* _Task objective_
Could you transcribe exactly the lines from the one containing "Schildkröt Fitness - Türreck" through the last line of the records below, leaving out the pictures?

Short web captions
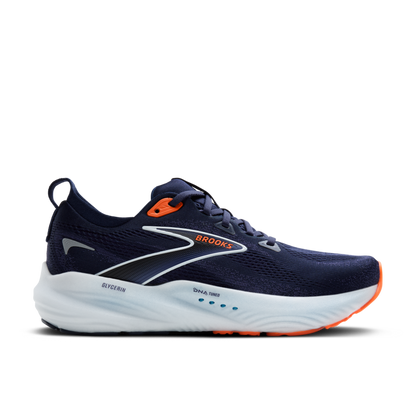 Mens Brooks Glycerin 22 (D-Width)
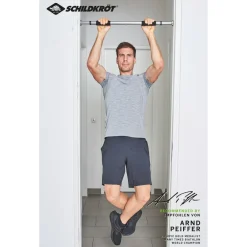 Schildkröt Fitness - Türreck Stange - Functional Training < Schildkru00f6t Fitness New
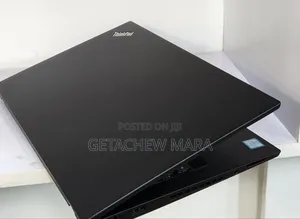 New Laptop Lenovo Thinkpad X1 Yoga 16GB Intel Core I7 SSD 512GB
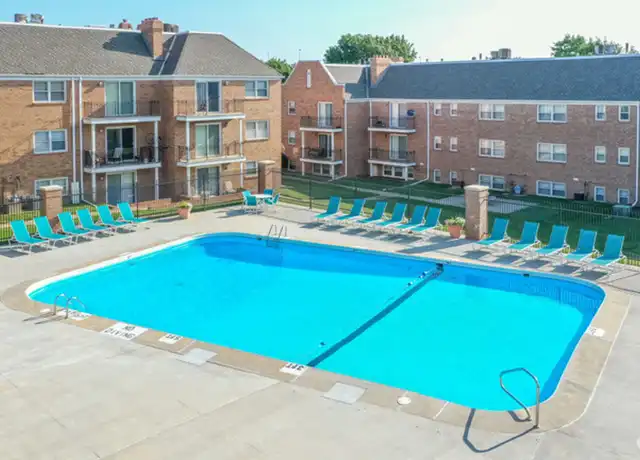 Property at 11766 Wakeley Plz Unit 1404, Omaha, NE, 68154, 2 beds, 2 baths, [object Object]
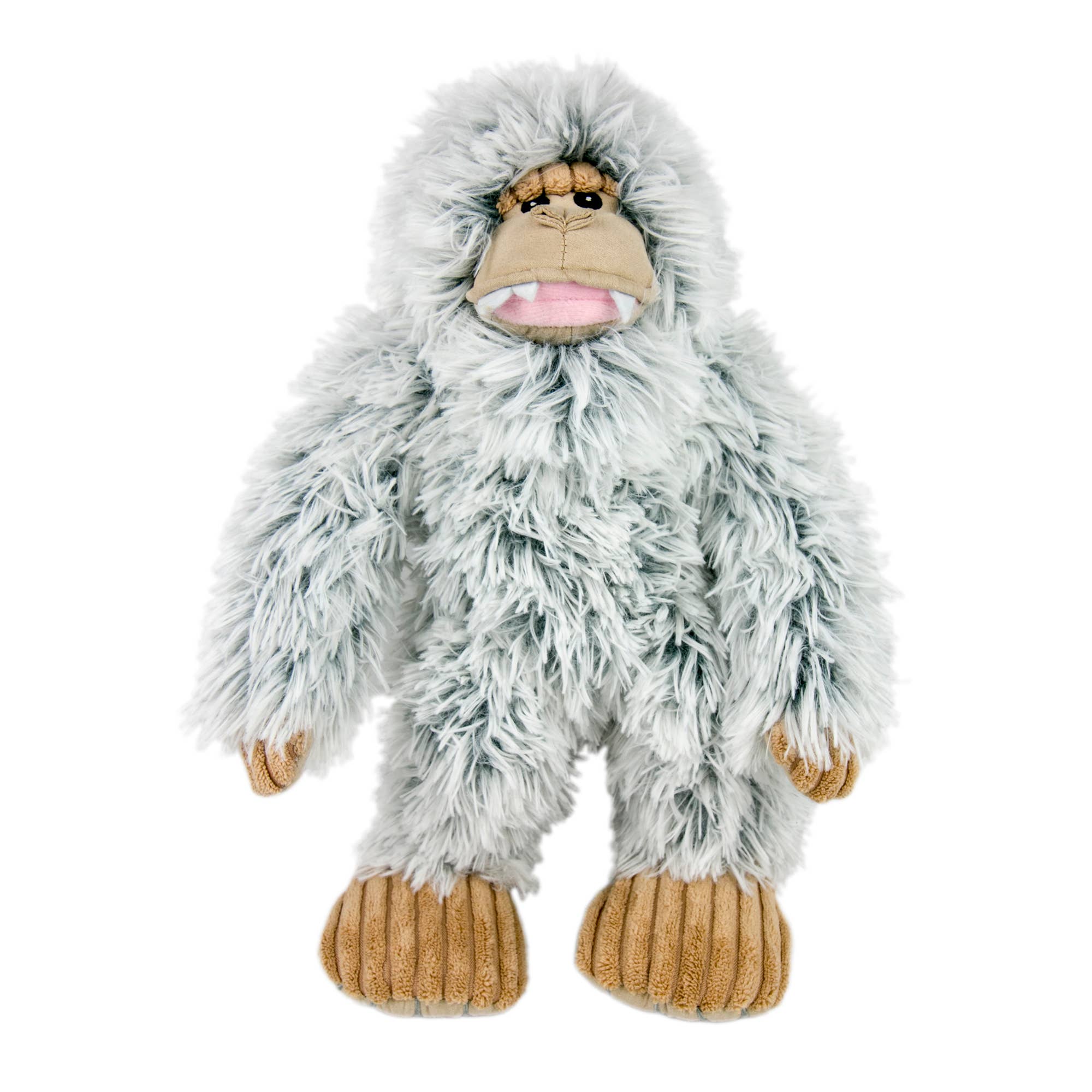 Tall Tails - 14" Plush Yeti Toy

* _Reply to the exercise_
 Schildkröt Fitness - Türreck Stange - Functional Training < Schildkru00f6t Fitness New
 New Laptop Lenovo Thinkpad X1 Yoga 16GB Intel Core I7 SSD 512GB
 Property at 11766 Wakeley Plz Unit 1404, Omaha, NE, 68154, 2 beds, 2 baths, [object Object]
 Tall Tails - 14" Plush Yeti Toy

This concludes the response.